Daylight saving time, which begins on the second Sunday in March each year will end on the first Sunday of November.

In 2023, that means the clocks change on Sunday, Nov. 5, at 2 a.m. That marks the start of standard time — which will actually be 1 a.m. once the adjustment is made.

Daylight saving time will resume on Sunday, March 10, 2024, at 2 a.m., when clocks will be set forward an hour.

In the early 2000s, the switch would have happened this coming weekend. At that time, standard time stetched from the last Sunday in October to the first Sunday in April — a week earlier in the fall and between three and four weeks later in the spring.

That changed with the Energy Policy Act of 2005. A provision in that law authored by U.S. Sen. Edward Markey, D-Mass., then a U.S. Representative, enacted the extension of daylight saving time.

Markey partnered with U.S. Rep. Fred Upton, R-Mich., to write the provision, which amended the Uniform Time Act of 1996 to increase daylight saving time and reduce standard time.

The new dates for clock changes first took place in 2007.

There are many who don’t want the clocks to change at all, though they disagree about whether standard time or daylight saving is better.

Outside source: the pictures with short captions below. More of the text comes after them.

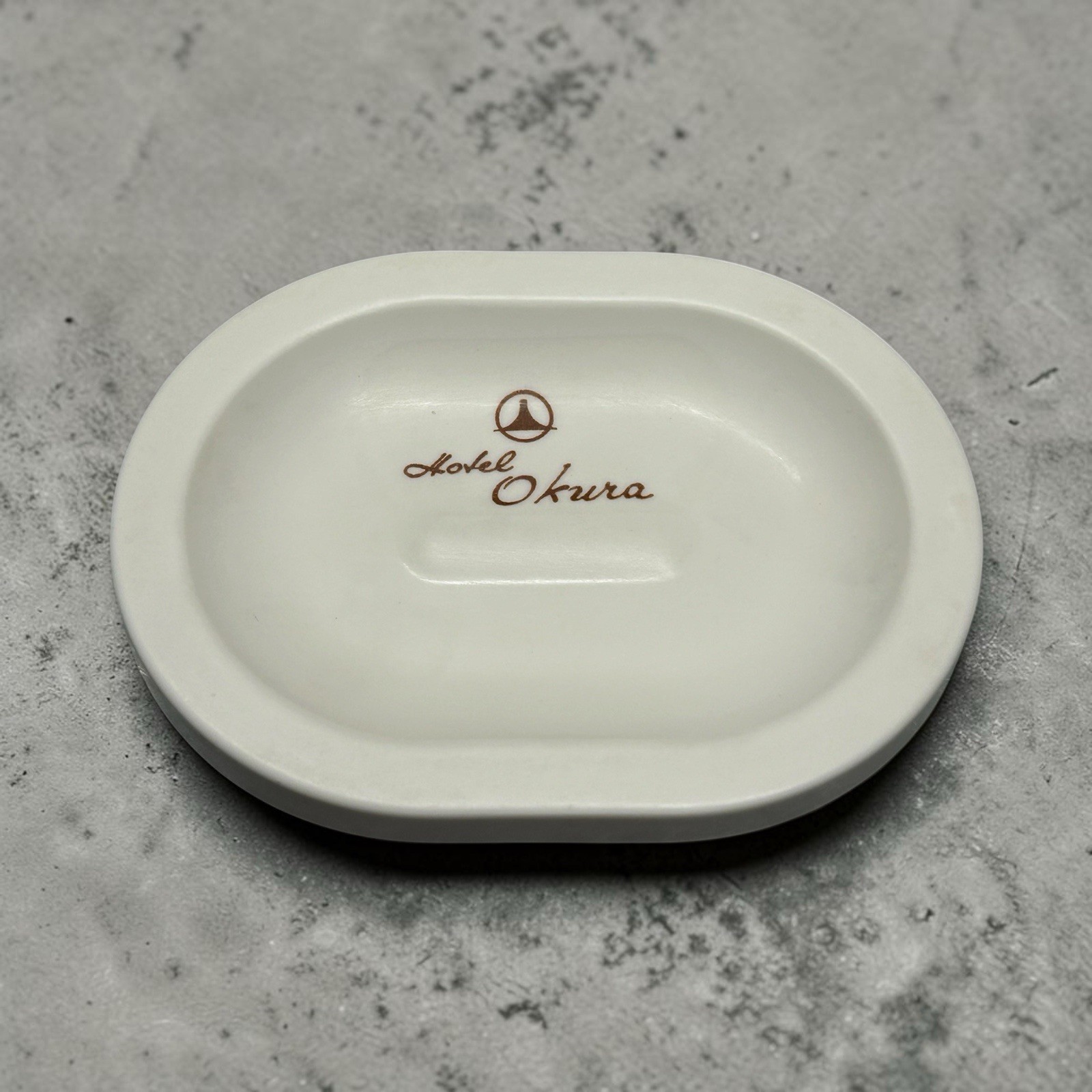 Vintage Hotel Okura Japan Soap Dish Melamine Ware Yamato Plastics RARE Vintage Hotel Okura Japan Soap Dish Melamine Ware Yamato Plastics RARE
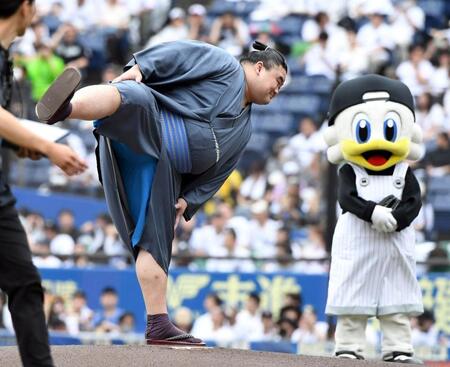 【写真】大相撲・隆の勝がZOZOでセレモニアルピッチに歓声 マウンドで四股に観客も思わず「よいしょ~」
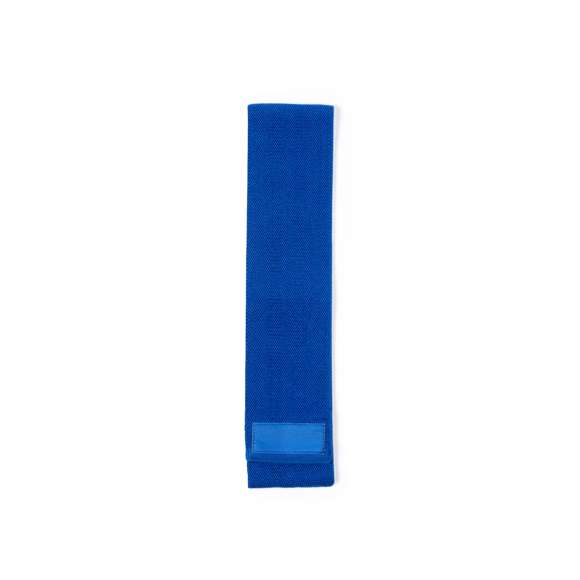 Goma elástica para fitness. Fabricada en combinación de poliéster y latex de alta calidad. De resistencia media y disponible en variada gama de colores. Presentación en funda de redecilla con cierre de cordón y ajustador. Incluido manual de instrucciones en español e inglés.
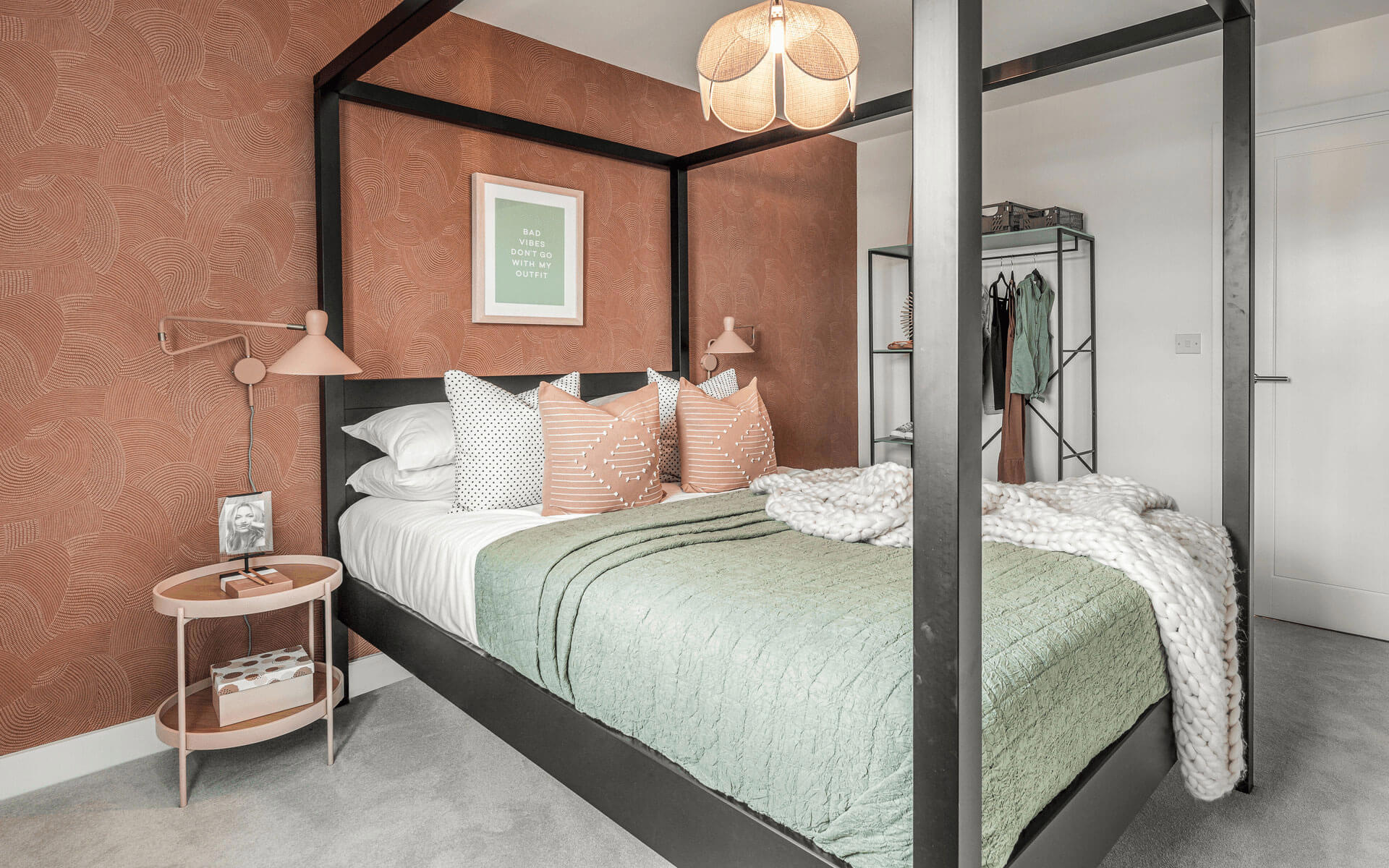 OHE Dovecotegardens Stevington Bed2 3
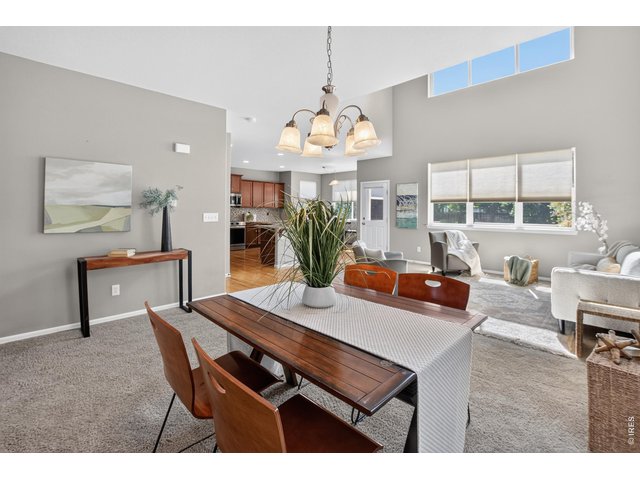 Property Photo 10 Dining area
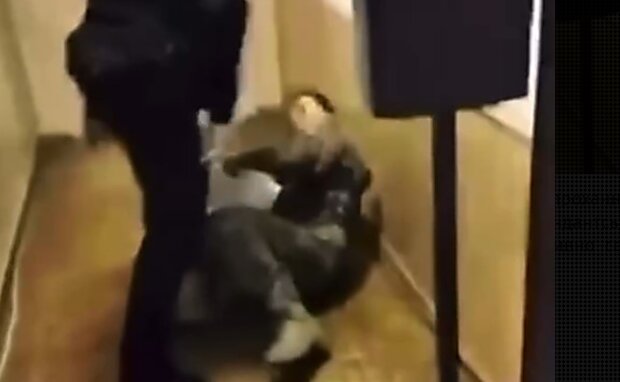 Побиття військового у відділку поліції. кадр з відео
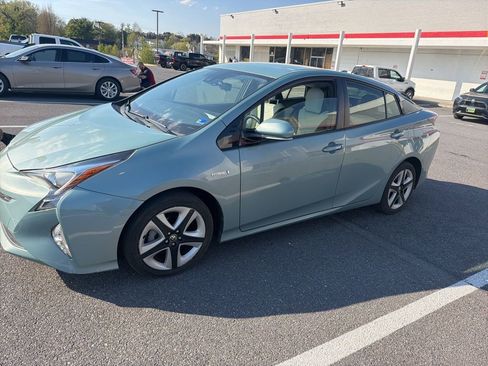 Used 2016 Toyota Prius Three Touring image 1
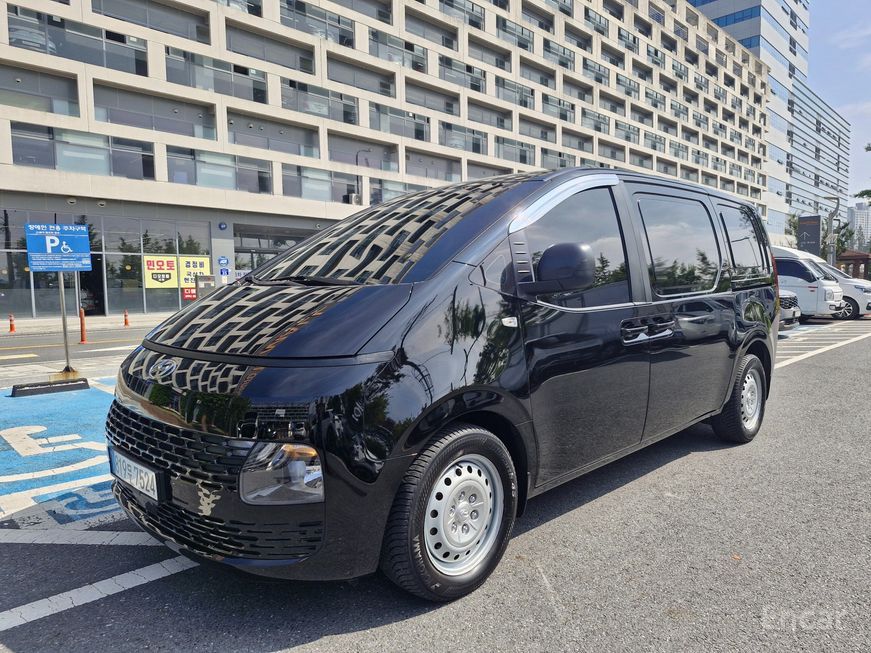 Hyundai Staria - фото 0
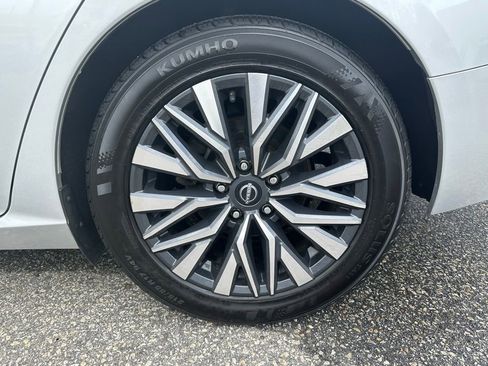 Used 2024 Nissan Altima 2.5 SV FWD image 11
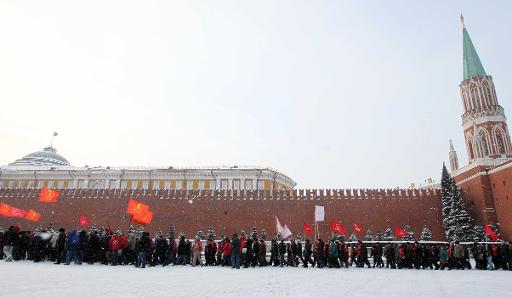 Simpatizantes comunistas se dirigem ao mausoléu de Lênin. Foto: AFP/Arquivos Alexey Sazonov() Simpatizantes comunistas se dirigem ao mausoléu de Lênin. Foto: AFP/Arquivos Alexey Sazonov/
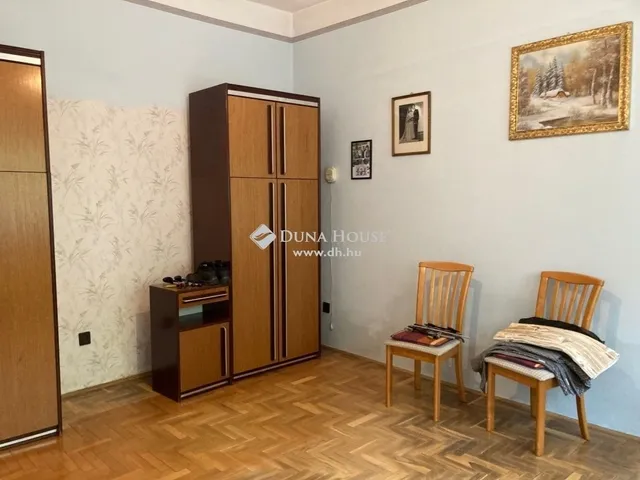 Eladó ház Budapest III. kerület 220 nm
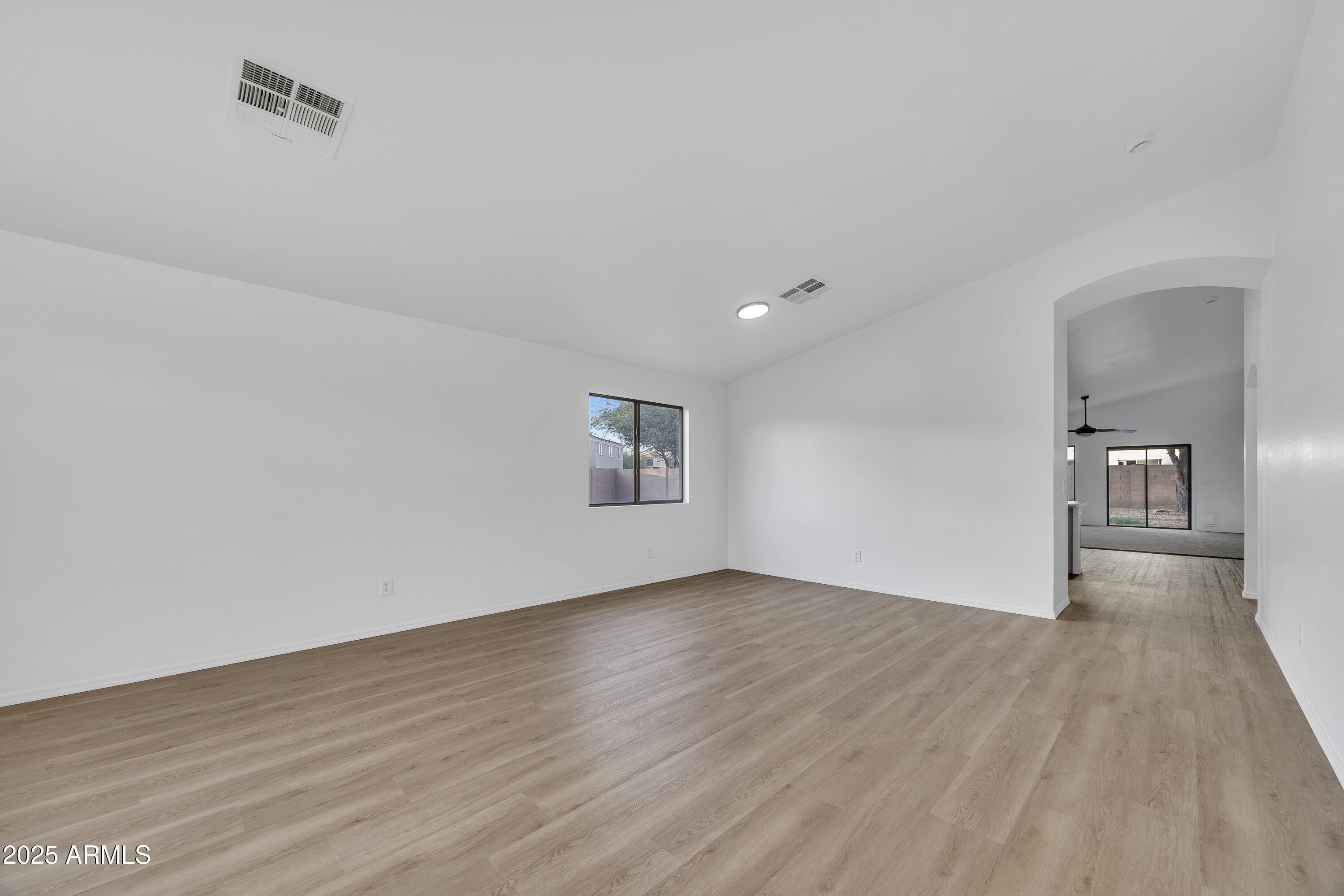 23606 W WAYLAND Drive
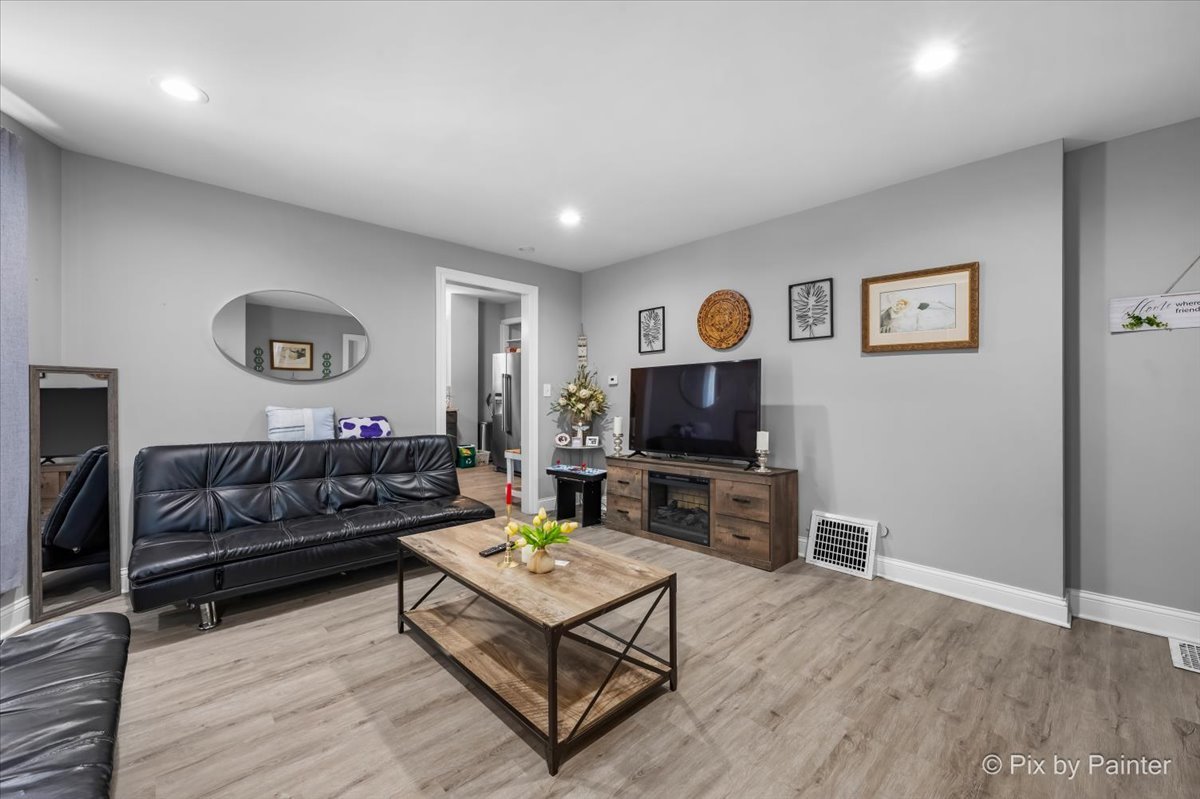 519 W Highland Avenue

U.S. Sen. Marco Rubio reintroduced the Sunshine Protection Act earlier this year on the federal level, which would create a permanent daylight saving time.

“This ritual of changing time twice a year is stupid,” Rubio said in a statement on his website. “Locking the clock has overwhelming bipartisan and popular support. This Congress, I hope that we can finally get this done.”

Meanwhile, in Massachusetts, state Rep. Angelo Puppolo Jr. of Springfield has sponsored a state-level bill, that would also end the practice of switching clocks, but it would keep standard time rather than daylight saving time.

The bill, H.3103, has been referred to the Joint Committee on State Administration and Regulatory Oversight.

Both bills face an uphill climb to get passed.

Two states, Hawaii and Arizona, already don’t have to worry about changing the clocks. Both states opted out of using daylight saving time — Hawaii in 1967 and Arizona in 1968 — because they already had plenty of daylight, according to Readers Digest.